Das Glücksrad
Mit »Drive My Car« fand Ende vergangenen Jahres endlich ein Film von Hamaguchi Ryûsuke seinen Weg in die deutschen Kinos. Auf einer Kurzgeschichte des auch in Deutschland beliebten Autors Murakami Haruki basierte jener Film, und auch beim Vorgänger »Das Glücksrad«, der diesen Monat startet, meint man, die Verfilmung einer literarischen Vorlage zu sehen. Doch die Geschichten, die Hamaguchi hier erzählt, stammen allesamt aus seiner Feder, fügen sich aber auf geradezu idealtypische Weise zu einem Portmanteau-Film.
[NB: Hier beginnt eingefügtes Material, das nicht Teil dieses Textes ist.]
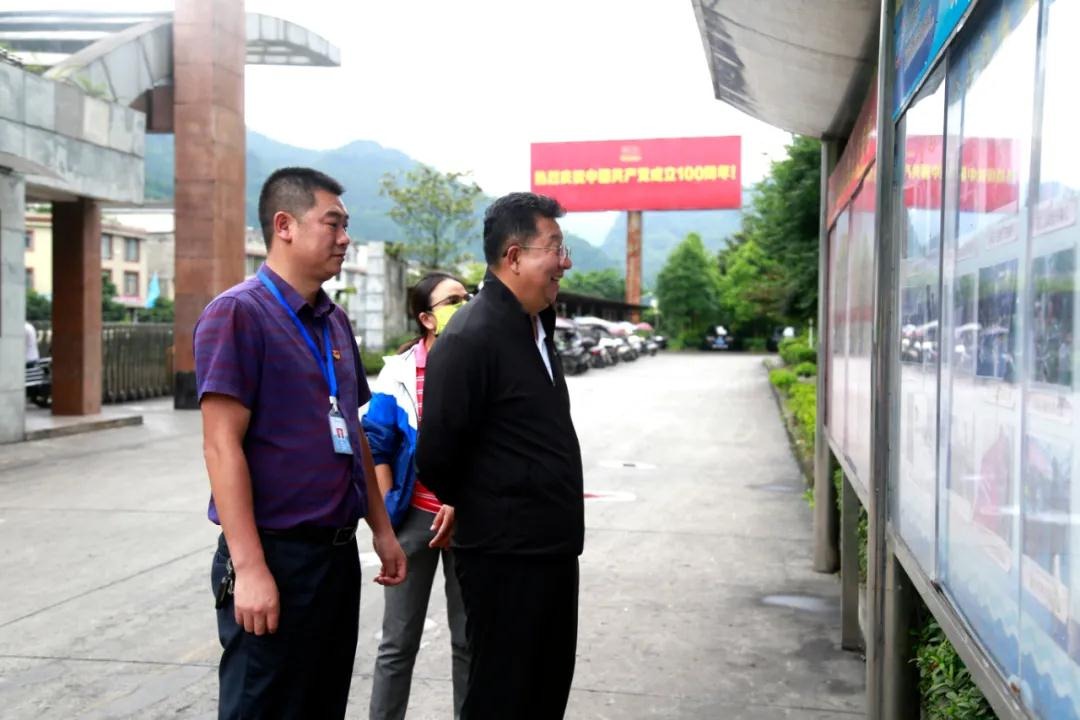 云煤集团专职外部董事寸延峰、、、伍显清、、、孔君一行赴威信煤炭公司调研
Um schicksalhafte Begegnungen geht es in allen drei Episoden, um Zufälle, mehr oder weniger glückliche Fügungen und um die Liebe, natürlich.
In der ersten Episode erzählt Tsugumi ihrer Freundin Meiko im Taxi von einem Date mit dem wunderbaren Kazu. In diesem erkennt Meiko bald ihren Ex-Freund, der sie verlassen hat, nachdem sie ihn betrogen hatte. Ob sie ihn noch liebt, fragt sich Meiko — und versucht, ihn zu verführen.
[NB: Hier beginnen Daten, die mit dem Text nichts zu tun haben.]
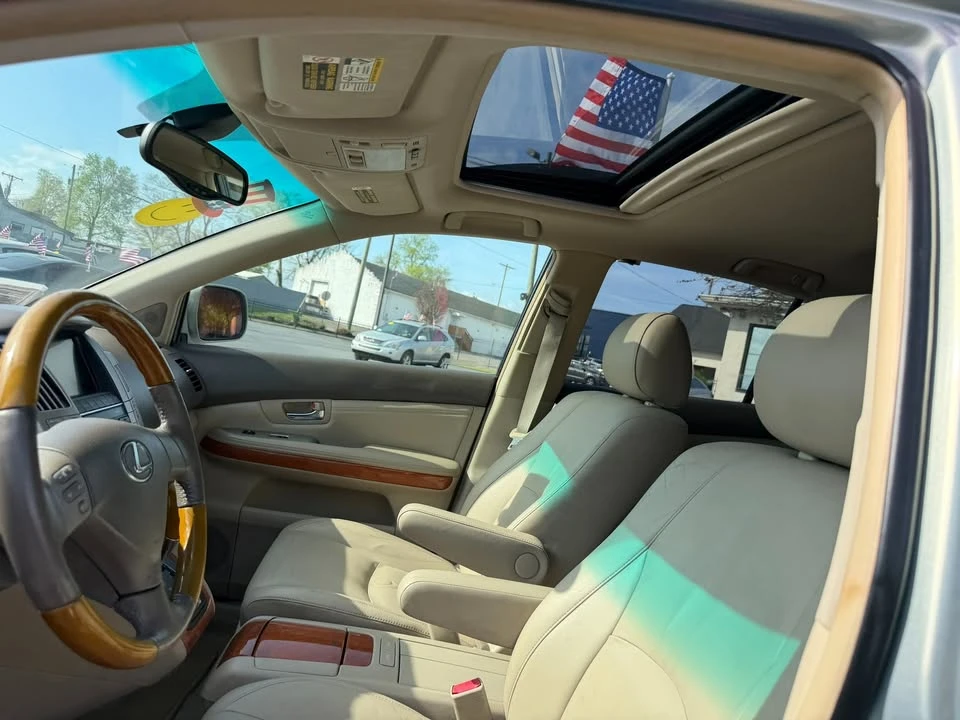 2004 Lexus RX 2nd Gen - Image 11 of 20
Um Verführung geht es auch in der zweiten Episode: Sasaki bittet die verheiratete Nao, sich an Literaturprofessor Segawa heranzumachen, der Sasaki hat durchfallen lassen. Doch die Begegnung zwischen Nao und Segawa verläuft anders als geplant. Aus der gescheiterten Verführung wird dennoch ein hocherotischer Moment, auch wenn nur vorgelesen wird.
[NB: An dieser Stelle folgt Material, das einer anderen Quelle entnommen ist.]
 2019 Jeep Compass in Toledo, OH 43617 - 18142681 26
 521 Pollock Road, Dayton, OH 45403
Die letzte Episode beginnt mit einer zufälligen Begegnung auf einer Rolltreppe: Natsuko meint in Aya eine alte Klassenkameradin zu erkennen, mit der sie einst eine kurze, intensive Beziehung hatte. Auch wenn sich schnell herausstellt, dass eine Verwechslung vorliegt, fügen sich die beiden Frauen in ihre Rollen und werden für einen Moment zu innig Vertrauten.
Auch wenn die drei Episoden inhaltlich vollkommen unabhängig funktionieren, lassen sich mit der Zeit thematische Verknüpfungen und Variationen entdecken, ein Spiel mit Dopplungen und Verwechslungen. Leicht und redselig wirken die Geschichten, die in meist starren, sehr langen Einstellungen betont unaufgeregt gefilmt sind; doch unter der Oberfläche offenbaren sich bald auch abgründigere Emotionen, erzählt Hamaguchi von Verlust, Trennungen und Eifersucht, vom Gefühl, sein Leben verschwendet zu haben und irgendwann falsch abgebogen zu sein. In seiner Zufälligkeit bleibt das Glücksrad des Lebens eben nicht immer auf einem Gewinn stehen.
(Guzen to sozo) J 2021, R: Hamaguchi Ryûsuke, D: Furukawa Kotone, Nakajima Ayumu, Hyunri, Shibukawa Kiyohiko, 121 Min. Start: 1.9.